▸ Data below:
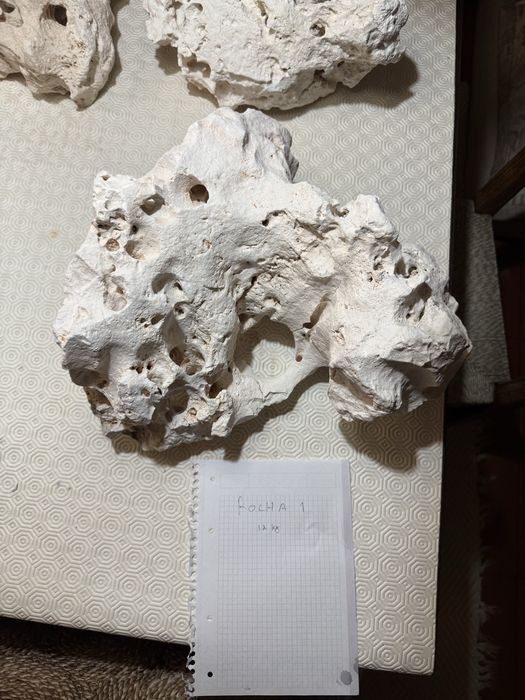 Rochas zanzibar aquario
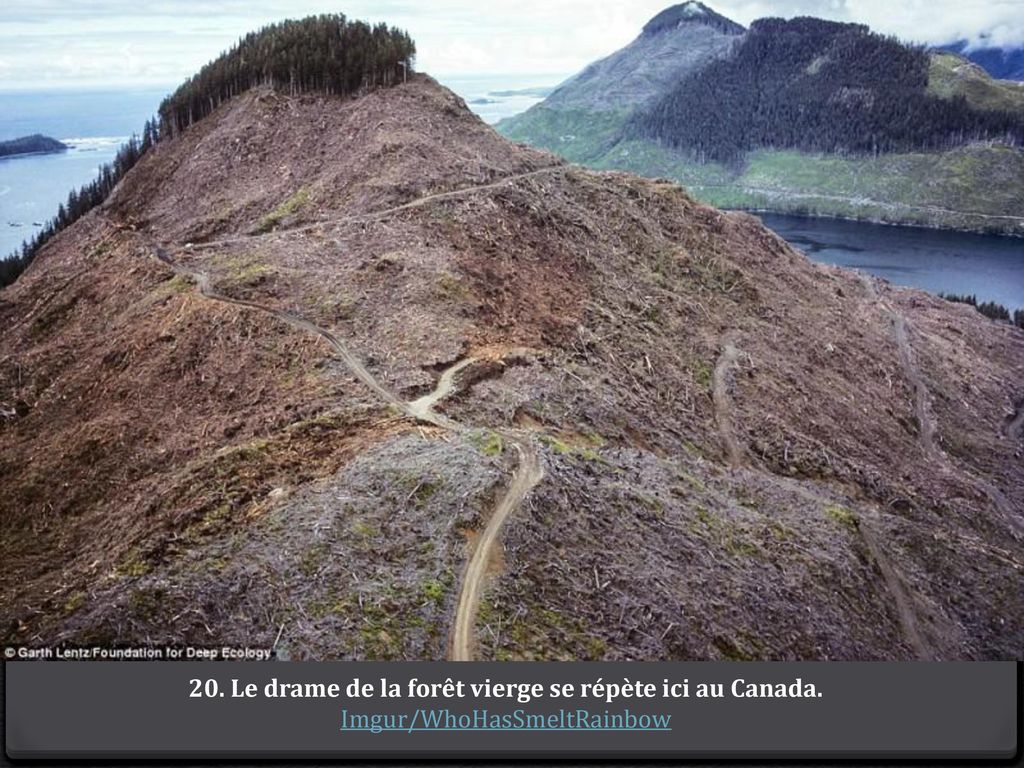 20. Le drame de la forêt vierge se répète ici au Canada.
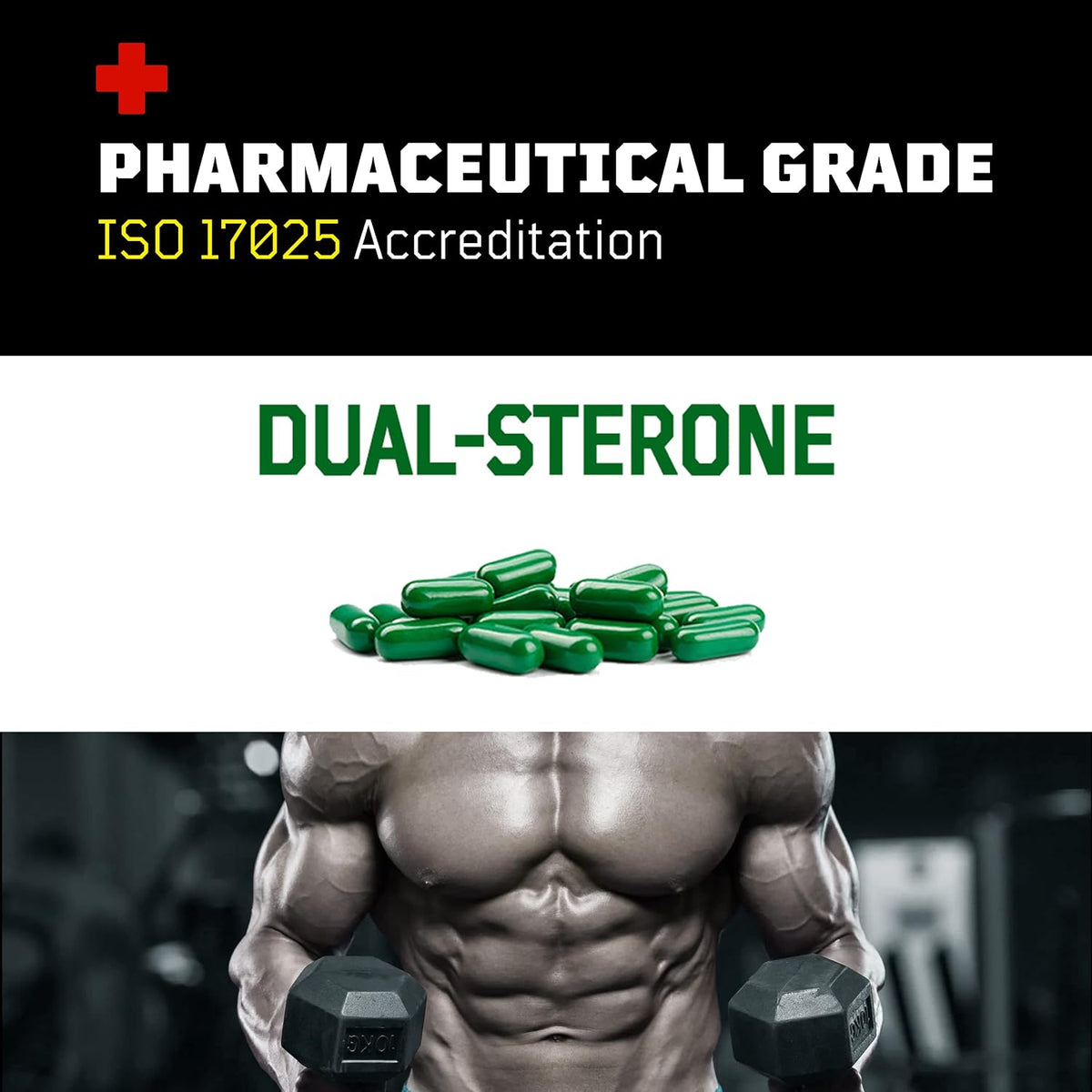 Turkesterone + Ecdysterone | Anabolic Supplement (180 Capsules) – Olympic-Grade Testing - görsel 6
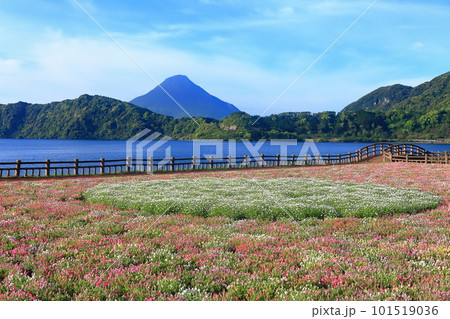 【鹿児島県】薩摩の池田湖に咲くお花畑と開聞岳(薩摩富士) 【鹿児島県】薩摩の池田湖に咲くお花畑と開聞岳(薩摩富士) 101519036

▸ Exercise description: Only the pictures are to be left out, and all of the data must otherwise be transcribed exactly.

▸ Result:
 Rochas zanzibar aquario
 20. Le drame de la forêt vierge se répète ici au Canada.
 Turkesterone + Ecdysterone | Anabolic Supplement (180 Capsules) – Olympic-Grade Testing - görsel 6
 【鹿児島県】薩摩の池田湖に咲くお花畑と開聞岳(薩摩富士) 【鹿児島県】薩摩の池田湖に咲くお花畑と開聞岳(薩摩富士) 101519036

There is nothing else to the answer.